Image-caption web data:
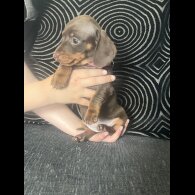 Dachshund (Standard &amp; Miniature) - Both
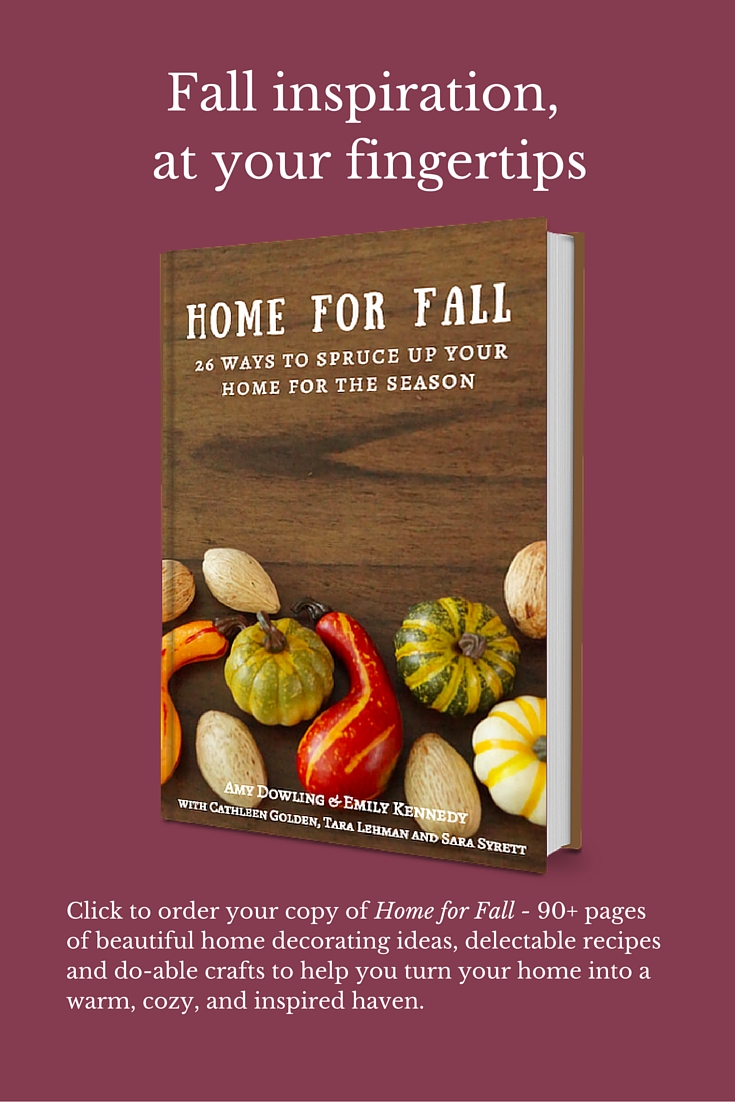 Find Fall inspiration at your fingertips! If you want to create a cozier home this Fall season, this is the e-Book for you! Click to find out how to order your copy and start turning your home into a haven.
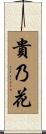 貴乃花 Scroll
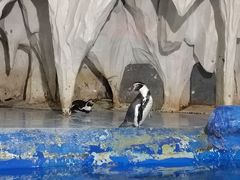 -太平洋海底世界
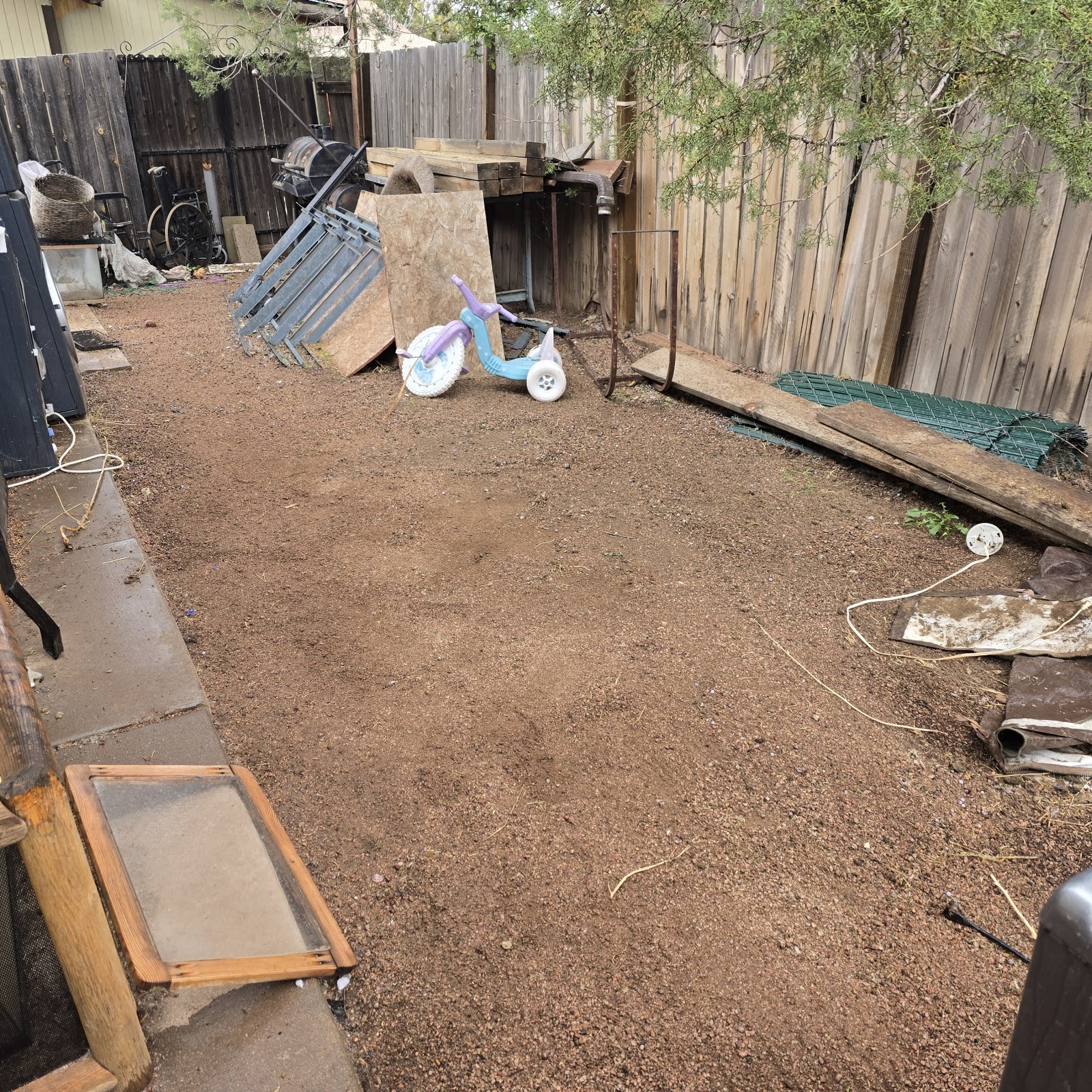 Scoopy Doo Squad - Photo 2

BRIEF:
Retype the entries verbatim and drop the pictures.

WRITTEN SOLUTION:
 Dachshund (Standard &amp; Miniature) - Both
 Find Fall inspiration at your fingertips! If you want to create a cozier home this Fall season, this is the e-Book for you! Click to find out how to order your copy and start turning your home into a haven.
 貴乃花 Scroll
 -太平洋海底世界
 Scoopy Doo Squad - Photo 2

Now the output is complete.